Brothers and sisters, beware! We are living in a time when this sort of crowd mentality is getting the best of people all across the globe. Feeling triggered by someone else’s speech and “blazing into flames” of justice-fueled outrage is all it takes to play the victim card and be awarded the right to target the “opposition” as the enemy, the one we can righteously hate. The enemy is now something less than a human being; he’s basically a Nazi and we can effectively exclude him from the human race without compromising our own humanity. We are pure, for our reactions are beyond reproach…
One day, a long time ago, Jesus was treated as such a despicable person that he was deemed worthy of being hurled down a cliff head first. A few years later, He was crucified, having been excluded from membership to God’s people and stripped of any human dignity.
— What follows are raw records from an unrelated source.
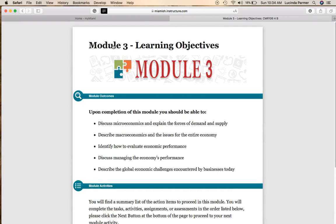Let's look at the learning objectives. We're going to discuss microeconomics as well as demand and supply — more commonly referred to as supply and demand. We're going to describe macroeconomics and identify how to evaluate economic performance, managing the economy's performance, and global economic challenges.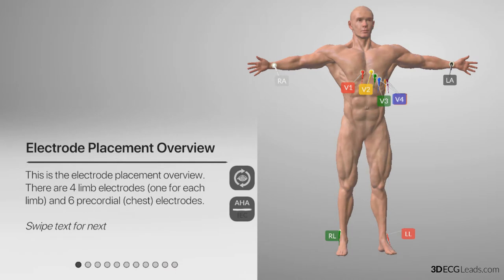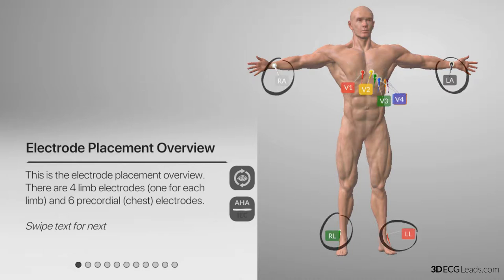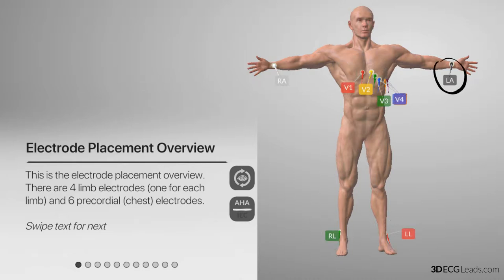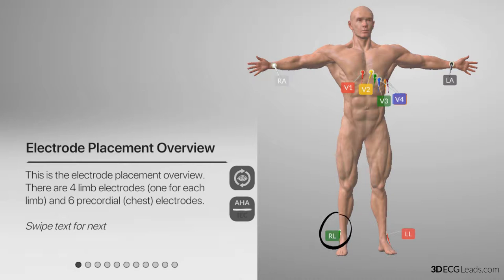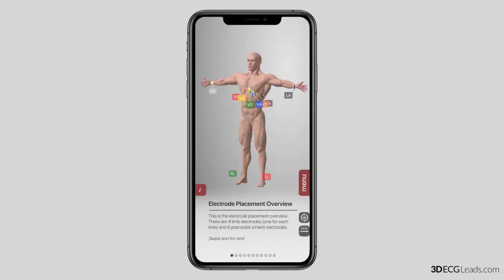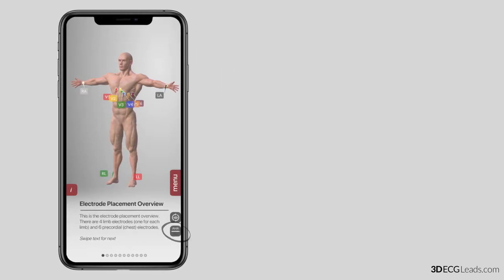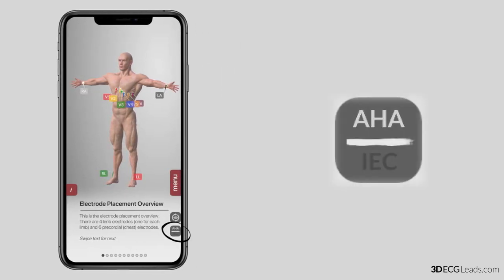There are 10 different leads that serve as electrodes: 6 of which are placed on the chest and 4 that are placed on the limbs — LA, RA, RL, and LL. The colour coding system being used throughout this video is called the American Heart Association Colour Coding System, also known as AHA.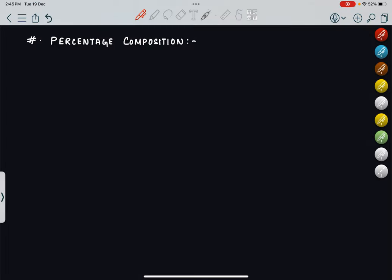Hi everyone. In this lecture we will be covering two topics: percentage composition and average atomic mass. Let's start with percentage composition.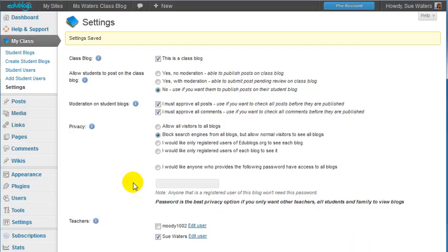Now that I've done that I'll see all these new menu items added underneath My Classes.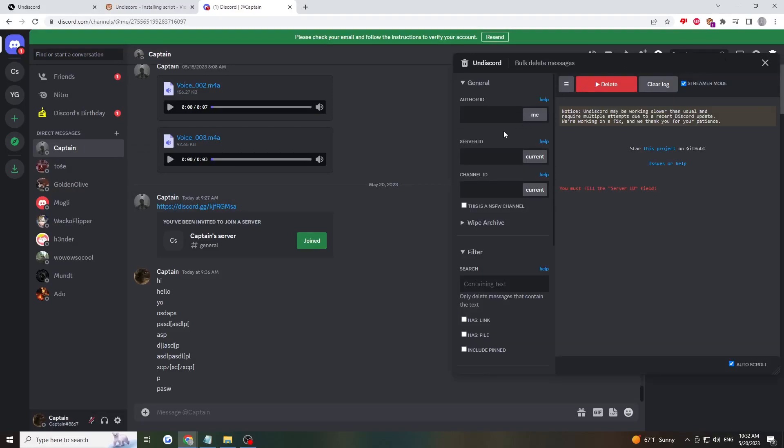There are a lot of options here. It may look confusing, but it's pretty simple. The author ID is the person whose messages you want deleted. I'm in a private chat here, so I only have two people, but I'll select myself.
For a number of reasons, the world today is extremely polarized and we all run the risk of adopting the type of behavior that I have described above. The anonymity of the internet might have a lot to do with it, but the Gospel shows us that the internet is not the source of this type of thing. In a post-war era, ripe with lessons of grave concern over strong nationalism, we have tried to build a world where our identity is no longer a source of friction with others, let alone send us back into war. That is a dangerous illusion. Jesus has a strong identity and He has “words” to say to people. He will always “rustle some feathers” and there will be very strong reactions to His Words. But, beware brothers and sisters, that we ourselves do not become like this angry crowd we saw today!